Q: When you get the master plan, how do you plan to pay for these things? "What we need to understand is what the market will support. That's why we're working with CSL. And in time we'll have to look to see if we can do some bonding. And please include this, we are nowhere near being ready to begin serious discussion about bonds. But that's how most schools pay for things. A capital campaign will be part of that, absolutely."

Q: But a campus-wide campaign? "We're obviously going to fit into whatever the University wants to do, whatever Dr. Keenum and John Rush and the University foundation sees fit. But we certainly hope to work together with them."

Q: How soon will the athletic market survey start? "It's going to begin quickly."

Q: What have you and John Cohen talked about regarding the stadium? "John loves Dudy Noble. But any facility you go to you're going to learn things. One of the things we liked at one of the facilities we visited, it had a real openness so you go up to the concession stand or restroom of whatever but you still feel a part of the game, right there by the field. It's more of an open feel to it. We're going to do things with our locker room. We need to address some of the seating things we have at Dudy Noble, and we have an opportunity for high-level seating—club level, skyboxes—which can help pay for construction and improvement. Again CSL will help us understand what the market will support."

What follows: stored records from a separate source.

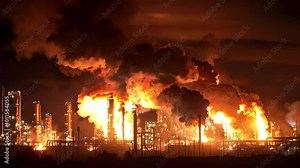 A large industrial facility engulfed in flames and thick black smoke, indicating a significant fire or explosion event.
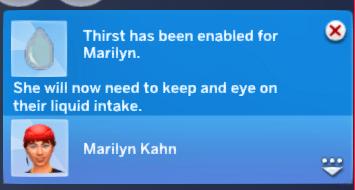 Thirsty (Gameplay Mod) for The Sims 4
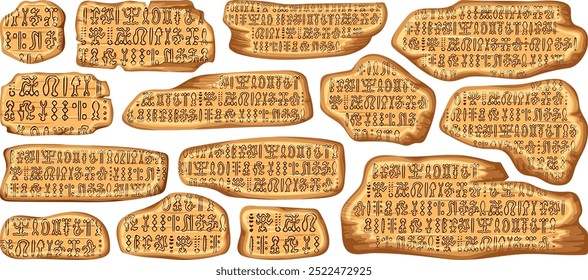 Gryphs Rongorongo na Ilha de Páscoa ou Rapa Nui. Painéis isolados de madeira para desenho animado. Legendas não decifradas de povos antigos. Placas com textos antigos. Elementos de interface gráfica para jogos de computador e de tabuleiro.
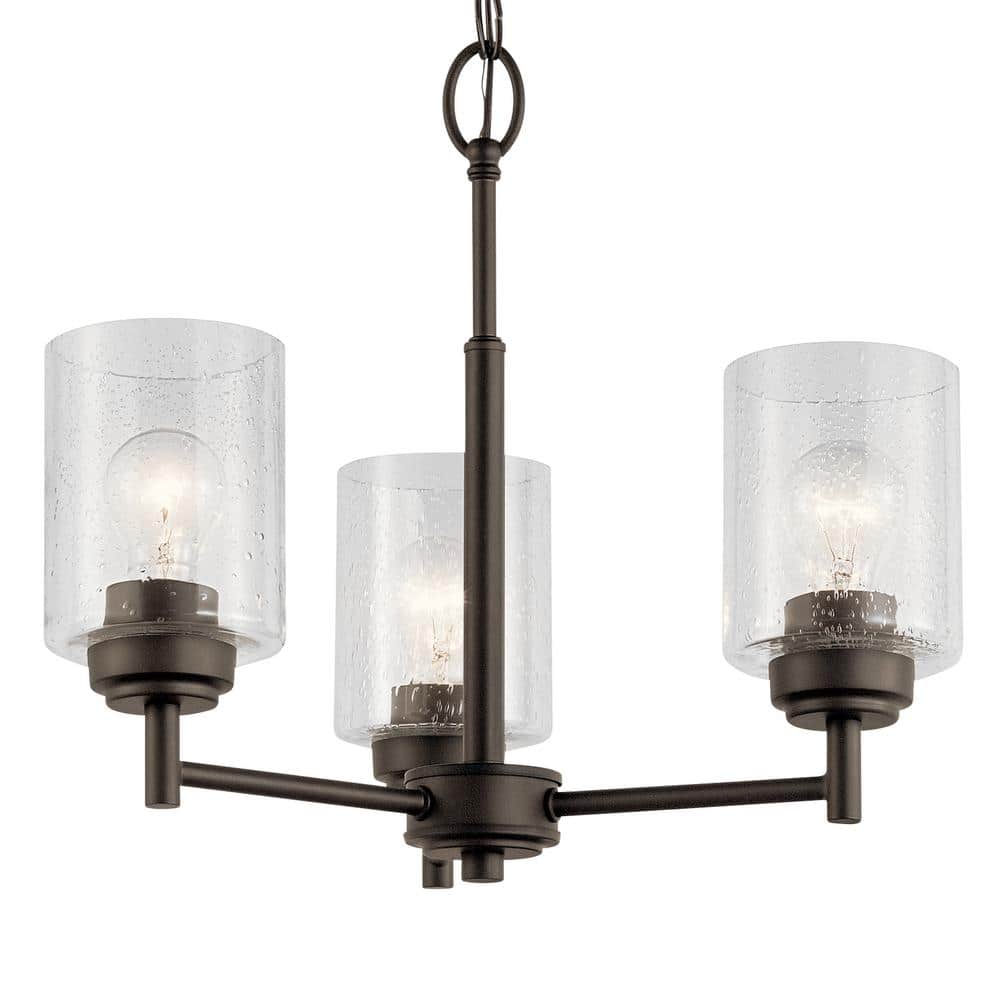 Winslow Bronze 3-Light Mini Chandelier with Clear Glass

Q: Will you be doing things outside the University master plan, before that is finished? "Sure. We're just finishing the women's basketball locker room right now. We're going to make some improvements to our baseball locker room this offseason. We're redoing Dudy Noble's field and the softball field this year. So by no means are we going to wait on everything until we have the master plan. We have to keep moving."

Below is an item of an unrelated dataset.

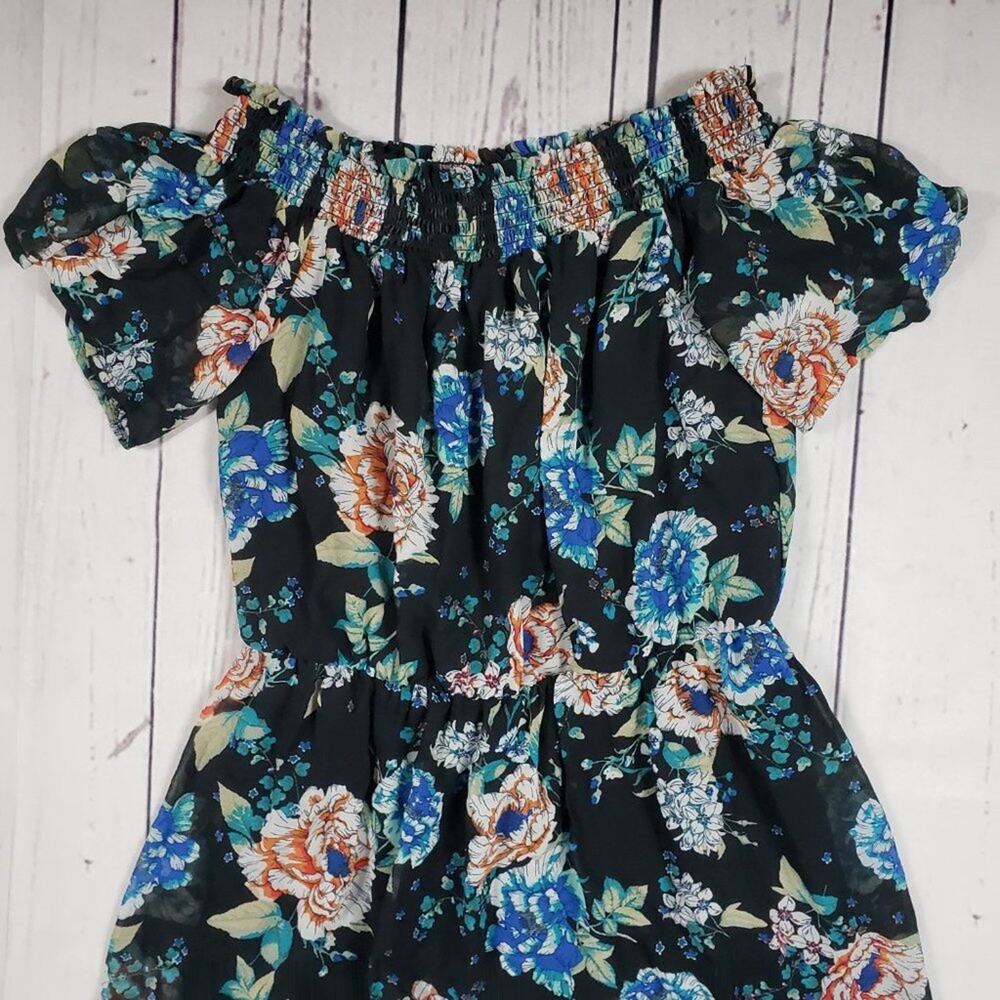 As U Wish Off-Shoulder Black Floral Short Sleeve Maxi Dress Women's Size Medium - Picture 4 of 11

Q: What is the latest on the practice gym? "We need to get Bulldog Club board approval on the final design project, which we have not done yet. We've in final negotiations with the contractor. And then we're finalizing the finance plan, and now that we're back in town I'm going to hopefully do some of that today."

Q: What will it cost? "It's going to be probably 11-12 million dollars. That's moved and ready."

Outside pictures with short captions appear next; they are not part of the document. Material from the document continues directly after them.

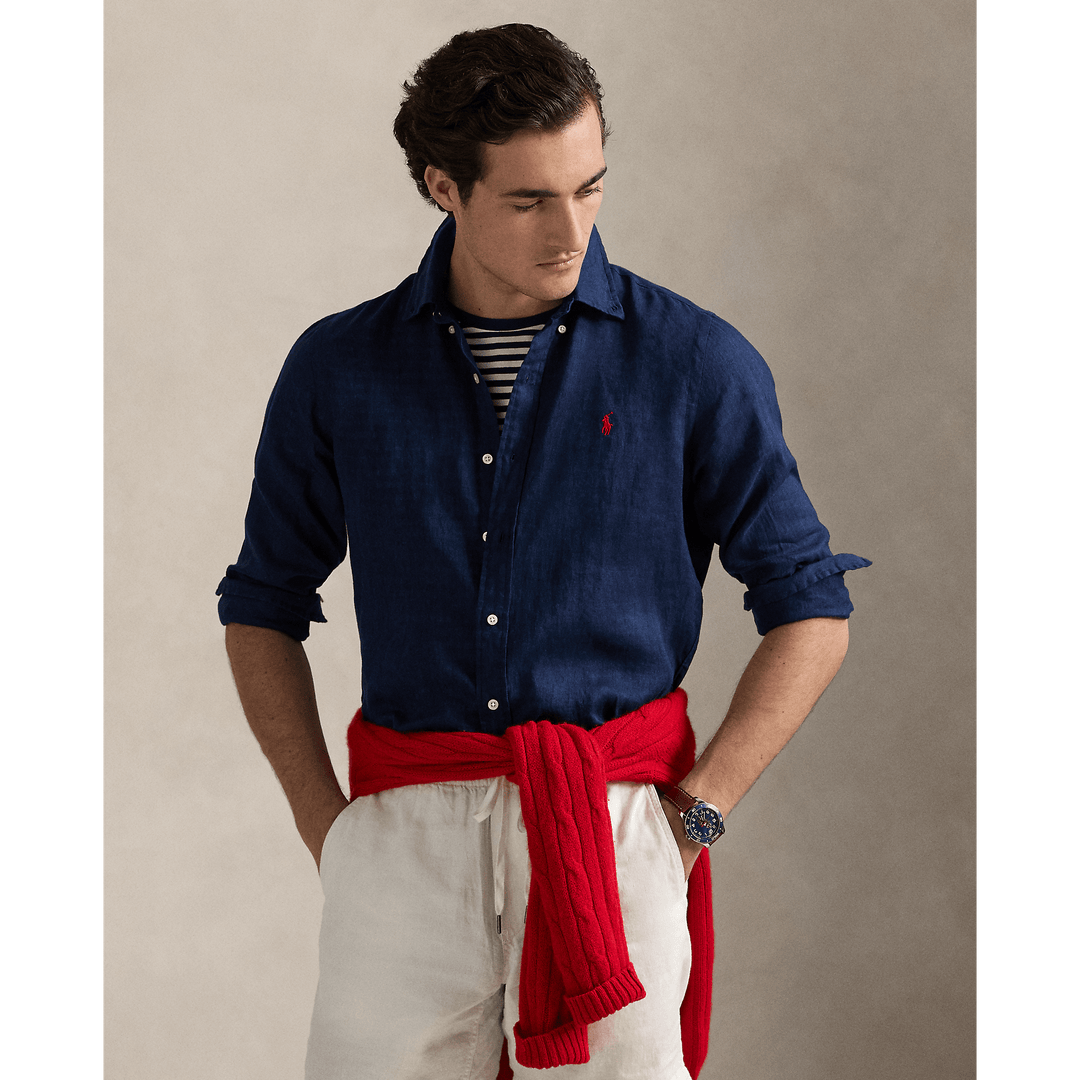 RALPH LAUREN - Chemise en lin Custom Fit Bleu marine - Lothaire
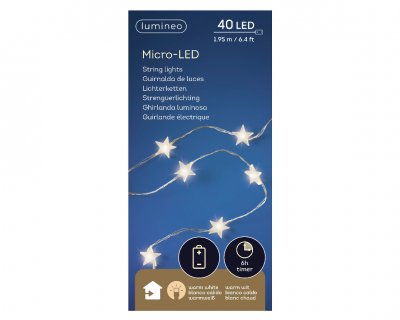 Slinga Stjärnor 40st LED 195cm 6h Timer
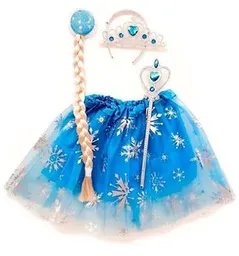 Disfraz De Bebe Niña Frozen Con Diadema, Varita,trenza Y Tutu Halloween Disfraz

Q: What is the next big step at the football stadium? "I think it's too early to tell for sure what the definite step will be. We need to look at the west side of the stadium, we need to look at north end zone possibilities. Game-day locker room is something we want to update. Those are all needs. Now, what comes first is what we're working through right now."

Q: The scaffolding that's been up at the stadium the last couple of weeks? "Painting the east side, getting rid of the rust."

Q: When you visited those school least you knew you had a bigger scoreboard? "They all had heard about our replay board! Arkansas has already been here to see it, Tennessee has been here to see it. Louisiana Tech came and saw it, they're building a much smaller board."

"If you aren't constantly paying attention to who you're competing against, you're not going to be able to make proper adjustments as need. The thing that some schools have done is say ‘how are we going to be unique?' And I've said it before, we can't be out-worked, we can't be out-hustled. We have to be as creative as we possibly can and try to be on the front end of things. We have to market aggressively, we have to have coaches that understand that and I think we do. And I think the coaches we have here now…John Cohen is not going to be out-hustled; Rick Stansbury is not going to be out-hustled. And Dan Mullen has certainly given that impression too. We feel very confident with what he brings to the table for us."

Q: What is Bulldog Club membership at now? "We're over 8,000. We've had good growth there and that's attributed to the great fans we have and volunteers have helped create that, and our Bulldog Club staff has done a great job. Now what we have to get better at is the major gifts on the capital side, and we're going to get ourselves organized better on that in the next year, too."

Q: What is the latest season ticket count? "33,000 counting students. So we've got to sell some more between now and the start of the season."